PROBLEM:
Print all records exactly, pictures left out.

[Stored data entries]

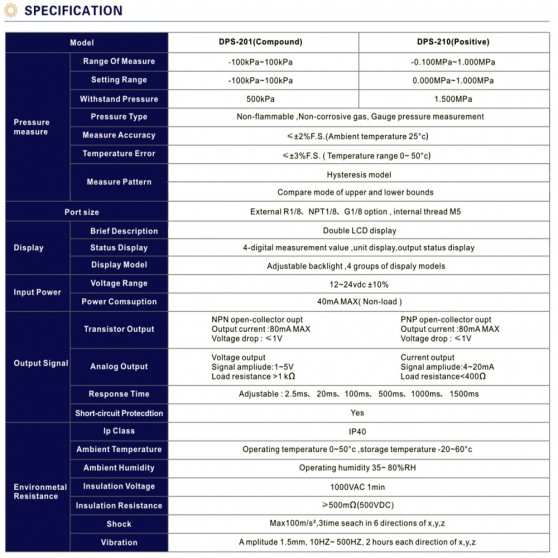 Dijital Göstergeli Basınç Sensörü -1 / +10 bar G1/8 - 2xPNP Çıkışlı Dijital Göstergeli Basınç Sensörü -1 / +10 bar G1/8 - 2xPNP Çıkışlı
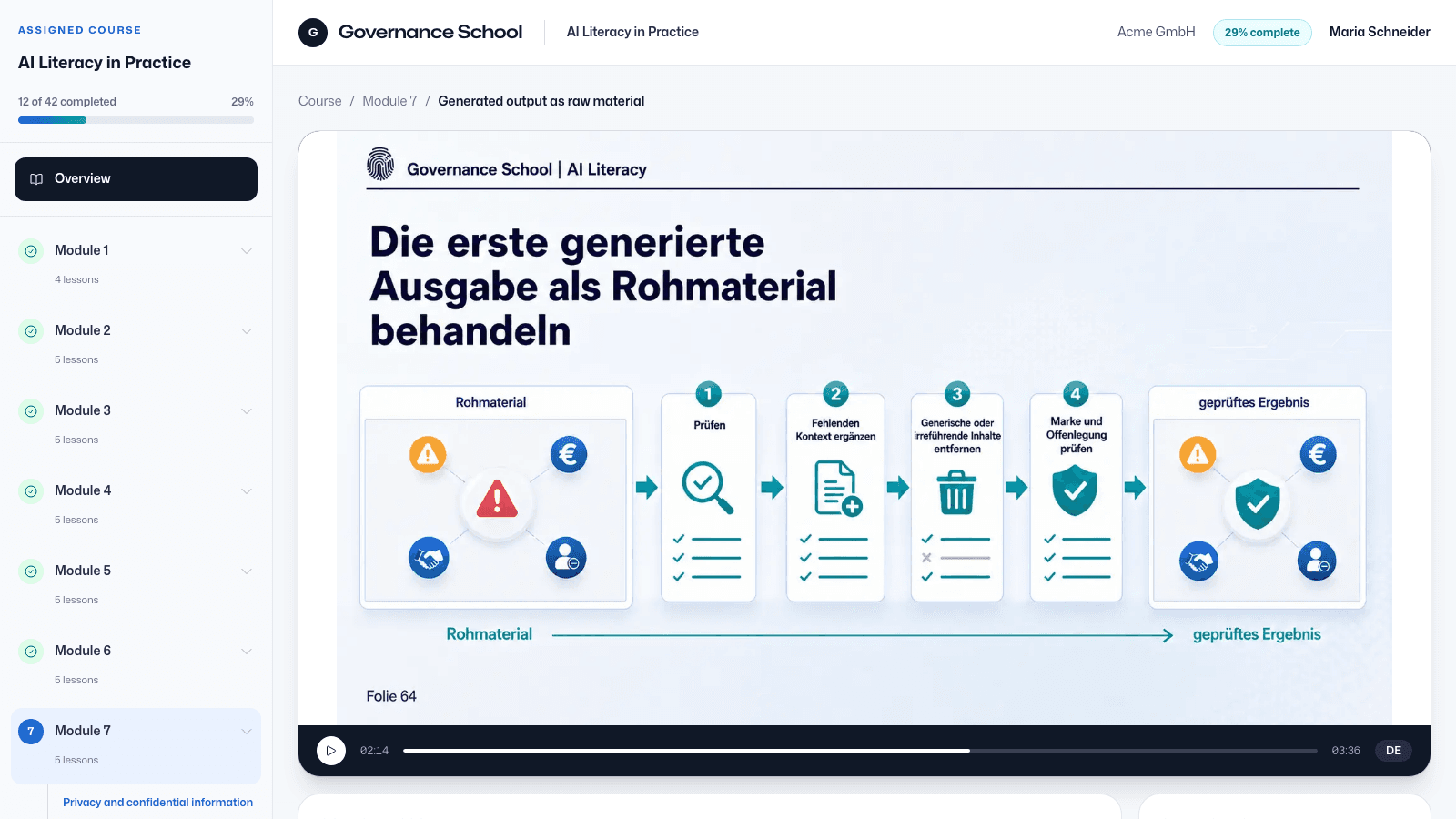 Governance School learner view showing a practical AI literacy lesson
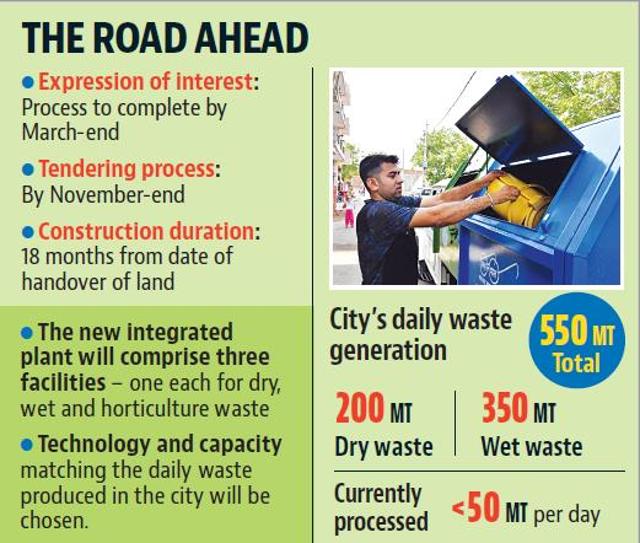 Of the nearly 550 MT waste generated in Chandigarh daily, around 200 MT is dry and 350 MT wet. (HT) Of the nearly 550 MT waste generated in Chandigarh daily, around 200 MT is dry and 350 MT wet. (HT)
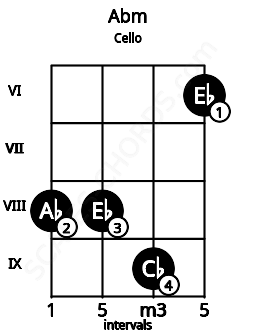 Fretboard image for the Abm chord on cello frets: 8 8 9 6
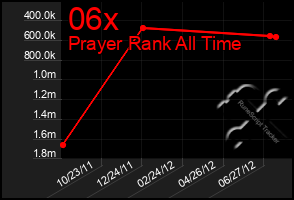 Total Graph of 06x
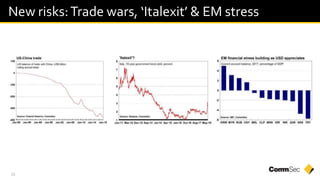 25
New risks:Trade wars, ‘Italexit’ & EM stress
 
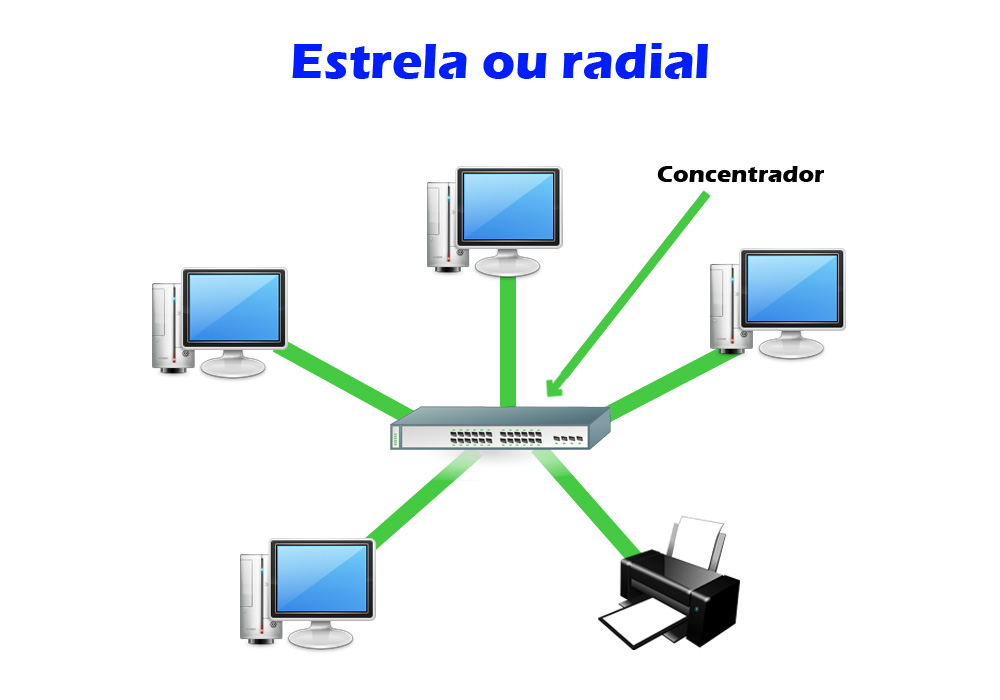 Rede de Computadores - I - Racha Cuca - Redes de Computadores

EXERCISE SOLUTION:
 Dijital Göstergeli Basınç Sensörü -1 / +10 bar G1/8 - 2xPNP Çıkışlı Dijital Göstergeli Basınç Sensörü -1 / +10 bar G1/8 - 2xPNP Çıkışlı
 Governance School learner view showing a practical AI literacy lesson
 Of the nearly 550 MT waste generated in Chandigarh daily, around 200 MT is dry and 350 MT wet. (HT) Of the nearly 550 MT waste generated in Chandigarh daily, around 200 MT is dry and 350 MT wet. (HT)
 Fretboard image for the Abm chord on cello frets: 8 8 9 6
 Total Graph of 06x
 25
New risks:Trade wars, ‘Italexit’ & EM stress
 
 Rede de Computadores - I - Racha Cuca - Redes de Computadores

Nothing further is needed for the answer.